DATASET CONTENT:
========================================

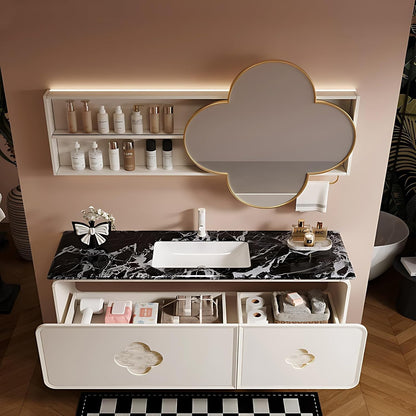 Elegant Floating Bathroom Vanity Set with Sink 🛁✨ | Modern Storage & Stylish LED Mirror for Small Spaces 🪞💧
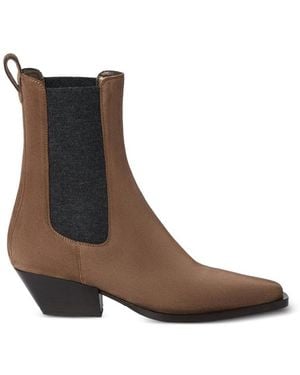 Brunello Cucinelli Suede Chelsea Boots With Precious Loop Detail - Brown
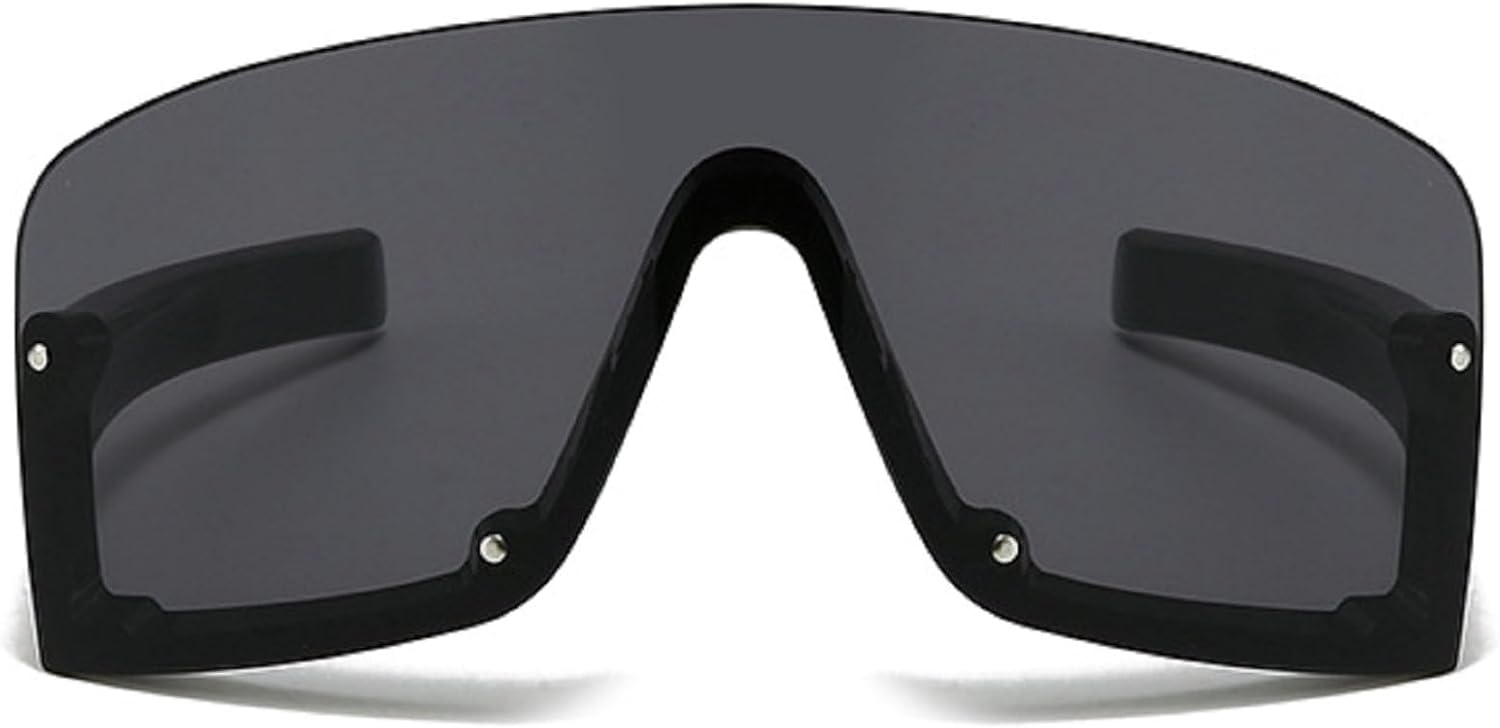 

Крупные квадратные солнцезащитные очки для мужчин и женщин, модные солнцезащитные очки обтекаемой формы, стильные большие дизайнерские солнцезащитные очки для женщин mincl, Black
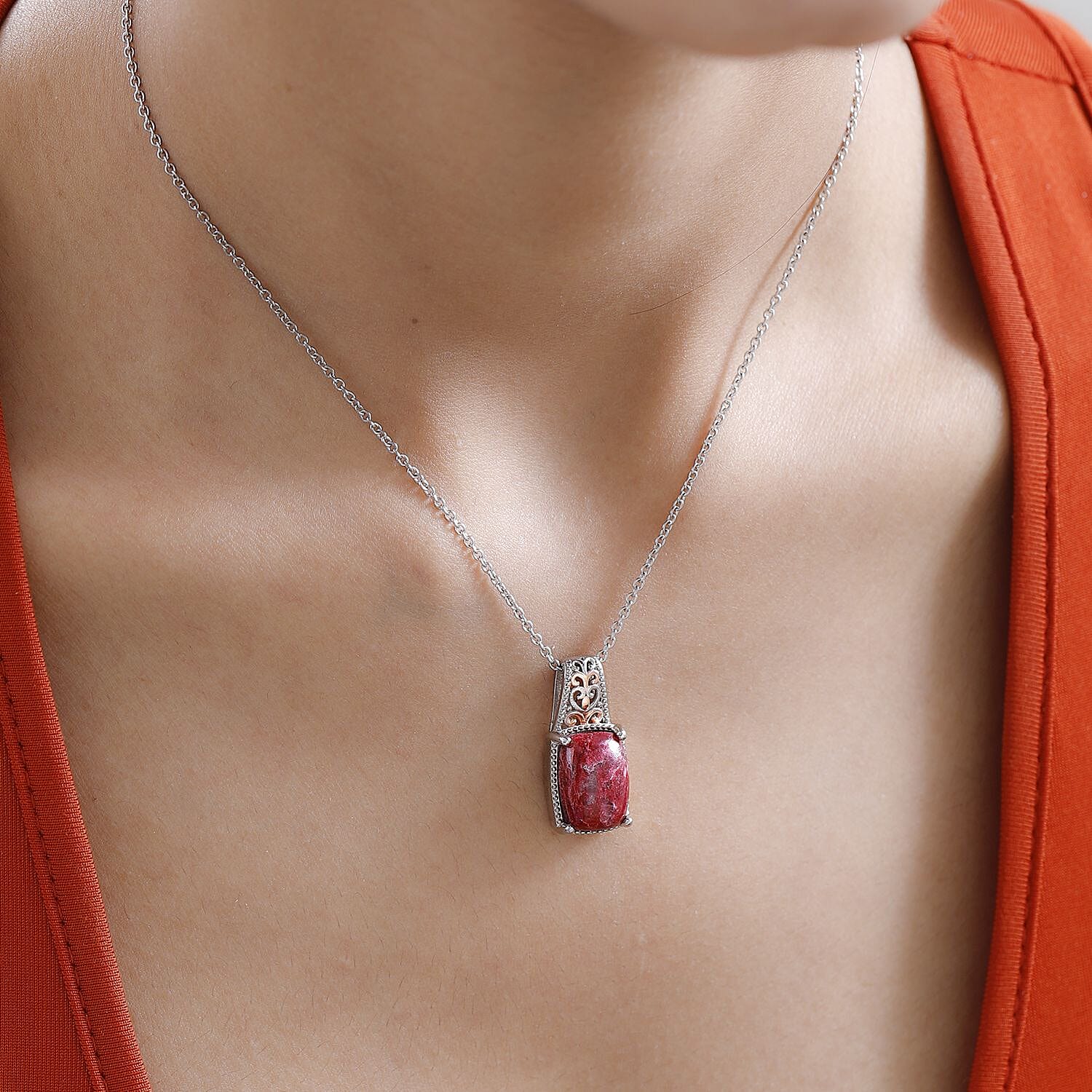 Karis Norwegian Thulite Solitaire Pendant Necklace (20 Inches) in 18K RG Plated and Platinum Bond and Stainless Steel 7.35 ctw , Tarnish-Free, Waterproof, Sweat Proof Jewelry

========================================

WHAT THIS TASK INVOLVES: Without changing a word, transcribe all of the data and omit its images.

RESPONSE FOR THIS EXERCISE:
 Elegant Floating Bathroom Vanity Set with Sink 🛁✨ | Modern Storage & Stylish LED Mirror for Small Spaces 🪞💧
 Brunello Cucinelli Suede Chelsea Boots With Precious Loop Detail - Brown

Крупные квадратные солнцезащитные очки для мужчин и женщин, модные солнцезащитные очки обтекаемой формы, стильные большие дизайнерские солнцезащитные очки для женщин mincl, Black
 Karis Norwegian Thulite Solitaire Pendant Necklace (20 Inches) in 18K RG Plated and Platinum Bond and Stainless Steel 7.35 ctw , Tarnish-Free, Waterproof, Sweat Proof Jewelry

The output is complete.